As an author, she has been published in Inc. Magazine and Forbes.

== Early life and education ==
Amy Sterner Nelson was born in 1980 and grew up in Ohio. Nelson's mother was a middle school teacher and her father an attorney. Nelson developed an interest in politics in her youth, going door-to-door for political campaigns. Her first jobs were as a nanny, then as a waitress. Nelson earned a Bachelor's degree in International Studies from Emory University. While attending college, Nelson interned at the Carter Center, where she accepted a full-time job upon graduation. She then earned a J.D. in law from the NYU School of Law.

== Career ==
After graduating from NYU Law, Nelson worked in law and politics. Initially, she did corporate litigation for Cahill Gordon & Reindel. She also worked in fundraising for pro-choice political candidates.

Nelson moved to Seattle in 2012 with Carleton Phillip Nelson, her then-boyfriend and now-husband, who was employed as an executive in Amazon.com's real estate acquisitions & development organization from 2012 until he was terminated in May 2019.

Nelson co-founded The Riveter in 2017 with Kim Peltola, a social worker. Nelson raised $700,000 in seed capital and opened The Riveter's first office that May in Seattle. The Riveter is named after Rosie the Riveter, who was a symbol for female factory workers during World War II.

== Podcast ==
Nelson is the co-host of the podcast, What's Her Story With Sam & Amy with fellow entrepreneur Samantha Ettus. The podcast features interviews with women at the top of their field and has included Gloria Steinem, Abby Wambach, Randi Zuckerberg, Huma Abedin, and Melinda Gates.

==Personal life==
Nelson has four daughters with her husband, Carleton Nelson.

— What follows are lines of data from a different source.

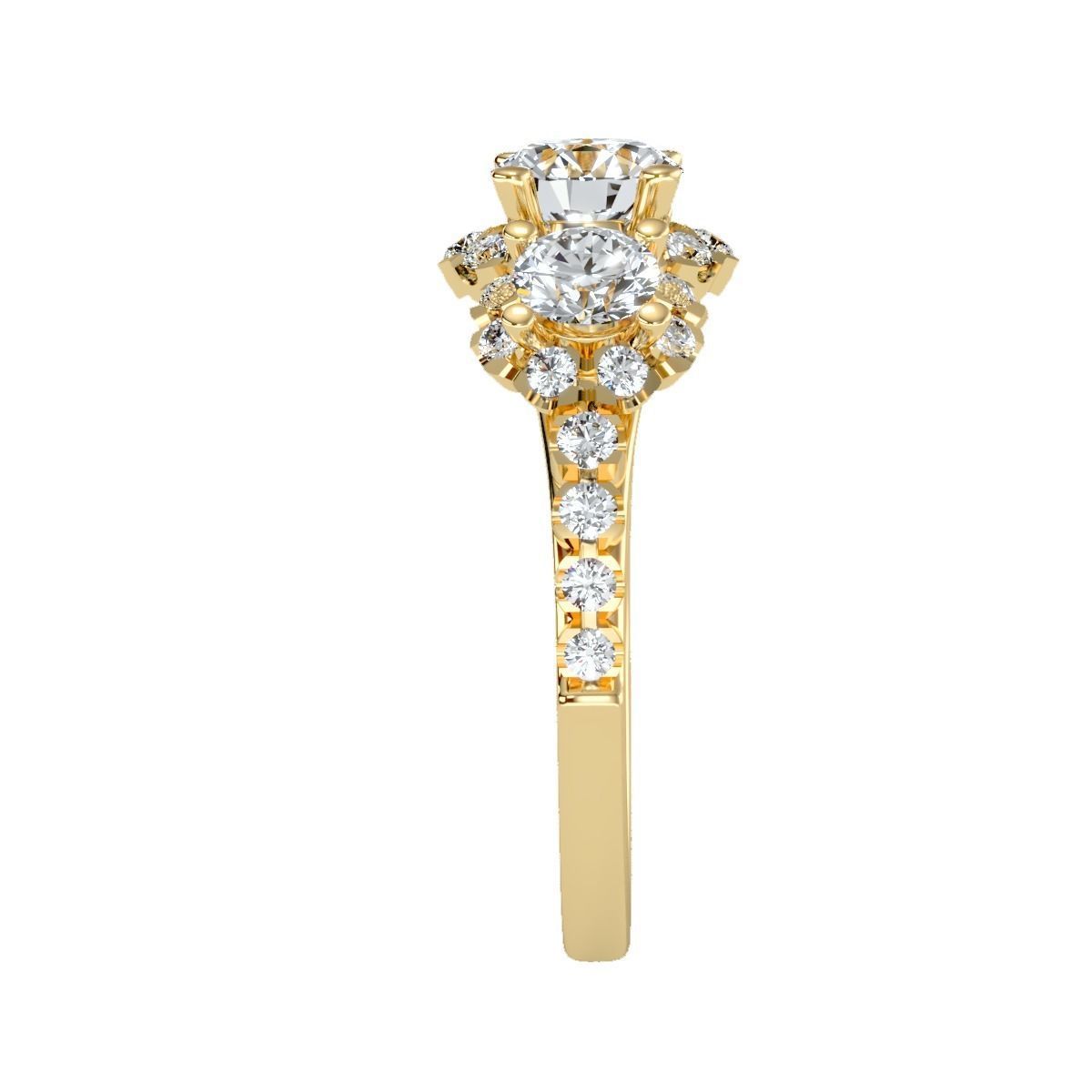 solitaire wedding engagement women ring 3dm render detail 3D print model_11
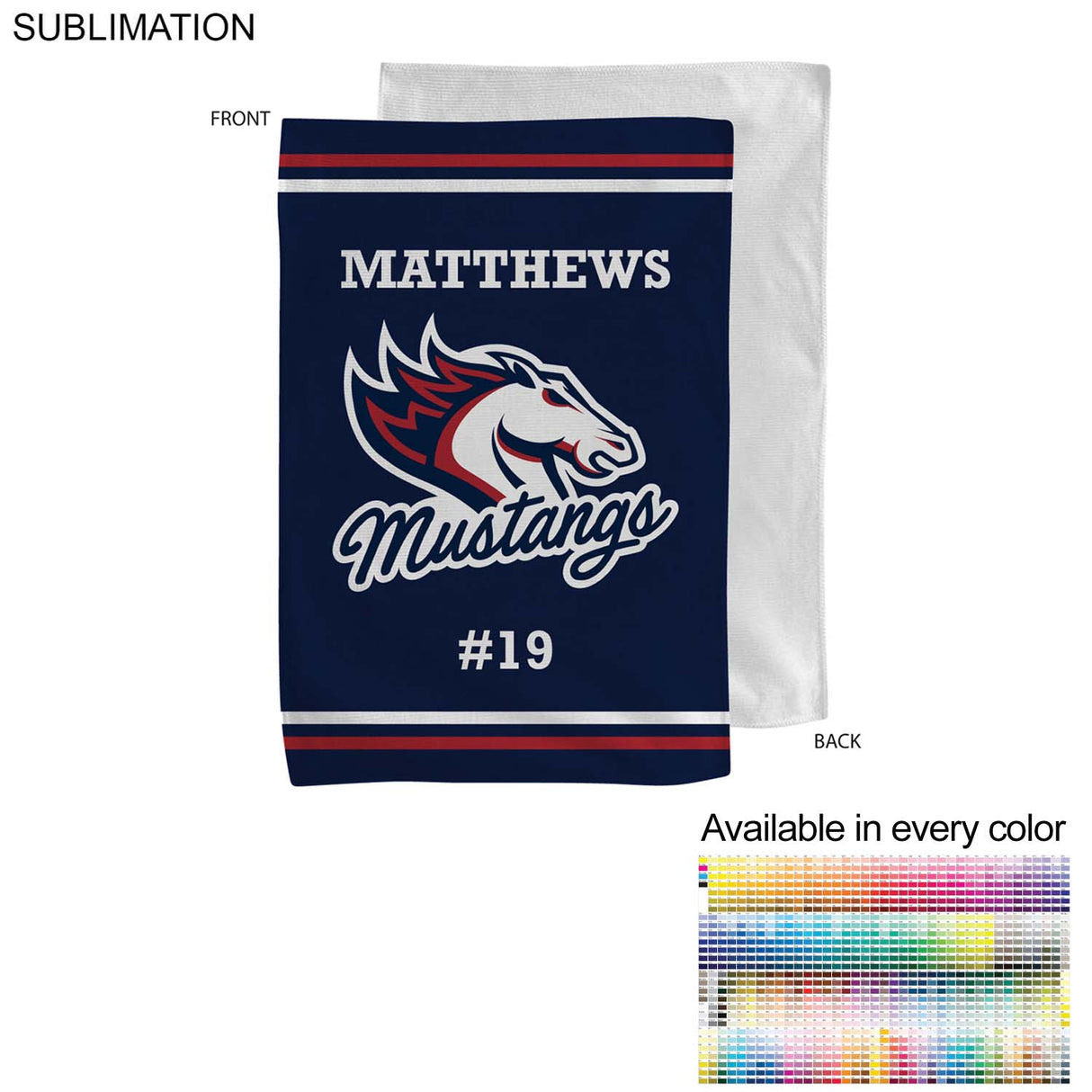 Team Towel in Microfiber Dri-Lite Terry, Sublimated Sports Towel (12"x18")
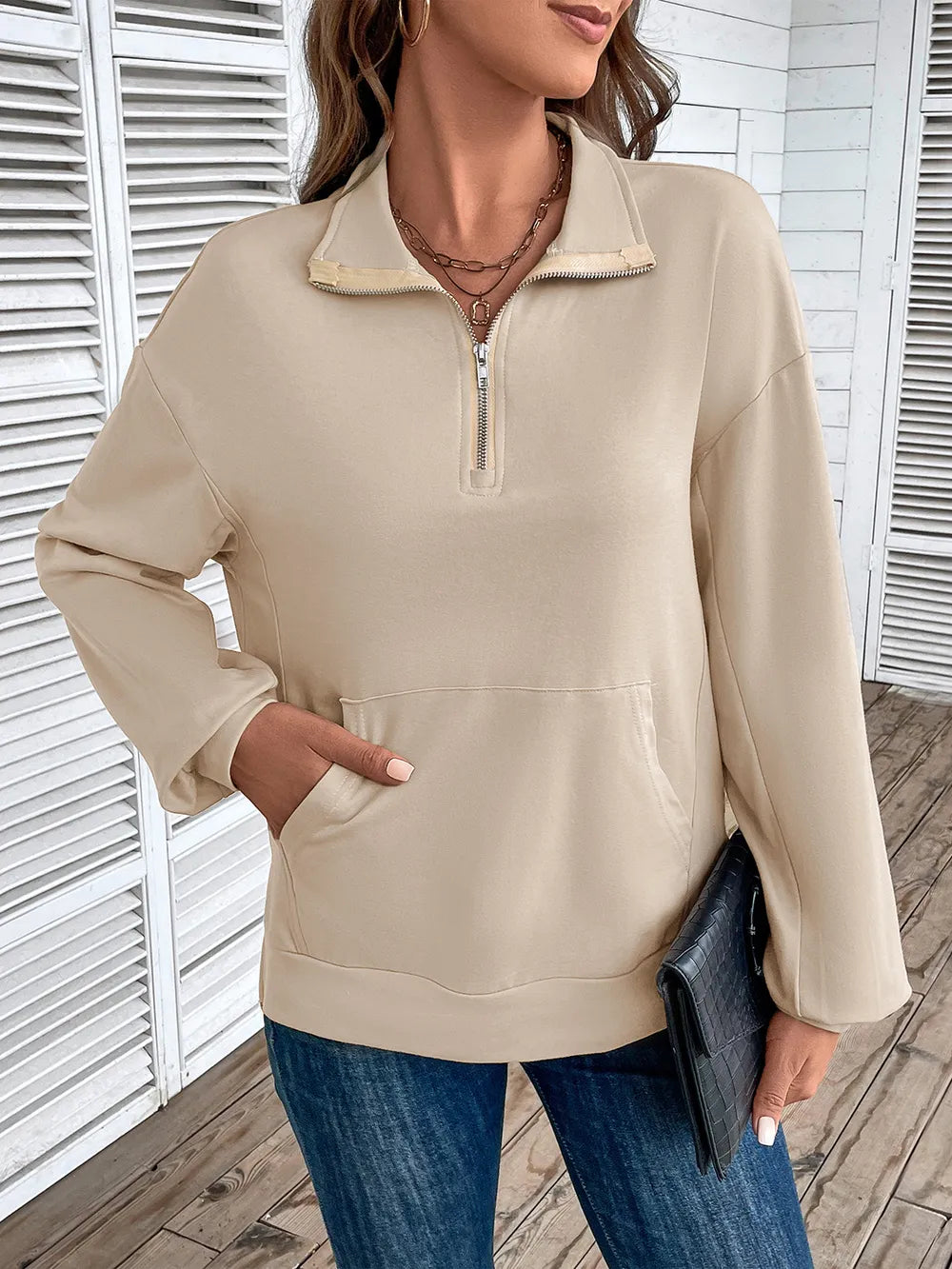 Sweatshirt med halv dragkedja och fickor – bild 2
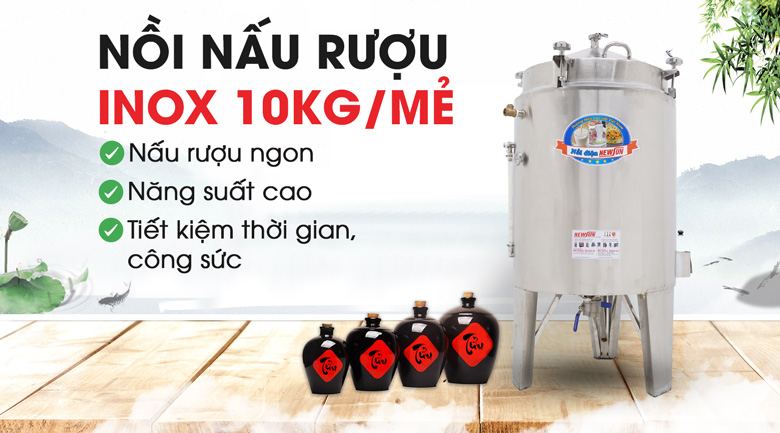 Nồi nấu rượu inox 10kg/mẻ dùng điện NEWSUN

On May 8, 2025, Nelson posted to her personal Instagram account an allegation that, in 2020, Amazon CEO Jeff Bezos leveraged his political influence to pursue federal criminal charges against her spouse, Carleton Nelson, for unspecified violations of his then-Amazon employment contract. Amy Nelson alleged these actions by Bezos led to a midnight armed raid of her home by federal agents while her daughters, then under age 6, were in the home, and were terrorized. Nelson stated she and Carleton had to sell their house to pay for lawyers, and that charges were never filed, and that the federal judge dropped all charges. Amy Nelson said she made the post after being ignored by Washington's governor and federal lawmakers.